▶ Aim of the task
Give back exactly the first lines of the entries below, through the line with "A surreal dreamscape".

▶ Task input
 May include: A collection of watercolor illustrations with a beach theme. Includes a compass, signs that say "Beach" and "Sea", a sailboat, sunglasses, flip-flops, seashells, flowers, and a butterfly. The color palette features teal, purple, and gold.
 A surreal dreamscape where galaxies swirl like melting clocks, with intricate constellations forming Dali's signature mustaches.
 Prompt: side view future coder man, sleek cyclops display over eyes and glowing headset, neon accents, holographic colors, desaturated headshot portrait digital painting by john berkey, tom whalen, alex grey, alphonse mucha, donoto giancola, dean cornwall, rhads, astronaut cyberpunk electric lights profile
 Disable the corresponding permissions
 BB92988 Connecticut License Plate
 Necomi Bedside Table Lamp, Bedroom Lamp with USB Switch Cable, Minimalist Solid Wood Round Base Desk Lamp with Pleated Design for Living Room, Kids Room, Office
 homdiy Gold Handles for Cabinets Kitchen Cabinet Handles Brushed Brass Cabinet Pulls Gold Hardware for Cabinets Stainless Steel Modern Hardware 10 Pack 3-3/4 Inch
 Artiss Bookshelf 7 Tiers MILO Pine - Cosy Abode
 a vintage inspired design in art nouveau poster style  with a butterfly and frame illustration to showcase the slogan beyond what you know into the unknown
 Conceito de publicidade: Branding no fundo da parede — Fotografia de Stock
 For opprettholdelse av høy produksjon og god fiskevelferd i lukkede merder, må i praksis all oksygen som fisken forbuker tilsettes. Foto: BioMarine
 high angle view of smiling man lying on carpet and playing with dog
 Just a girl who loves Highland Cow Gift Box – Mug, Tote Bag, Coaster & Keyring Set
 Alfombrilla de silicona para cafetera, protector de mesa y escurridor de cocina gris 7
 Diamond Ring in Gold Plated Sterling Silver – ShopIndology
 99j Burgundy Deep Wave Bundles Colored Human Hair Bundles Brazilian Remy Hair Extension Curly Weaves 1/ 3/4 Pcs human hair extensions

▶ Answer for this exercise
 May include: A collection of watercolor illustrations with a beach theme. Includes a compass, signs that say "Beach" and "Sea", a sailboat, sunglasses, flip-flops, seashells, flowers, and a butterfly. The color palette features teal, purple, and gold.
 A surreal dreamscape where galaxies swirl like melting clocks, with intricate constellations forming Dali's signature mustaches.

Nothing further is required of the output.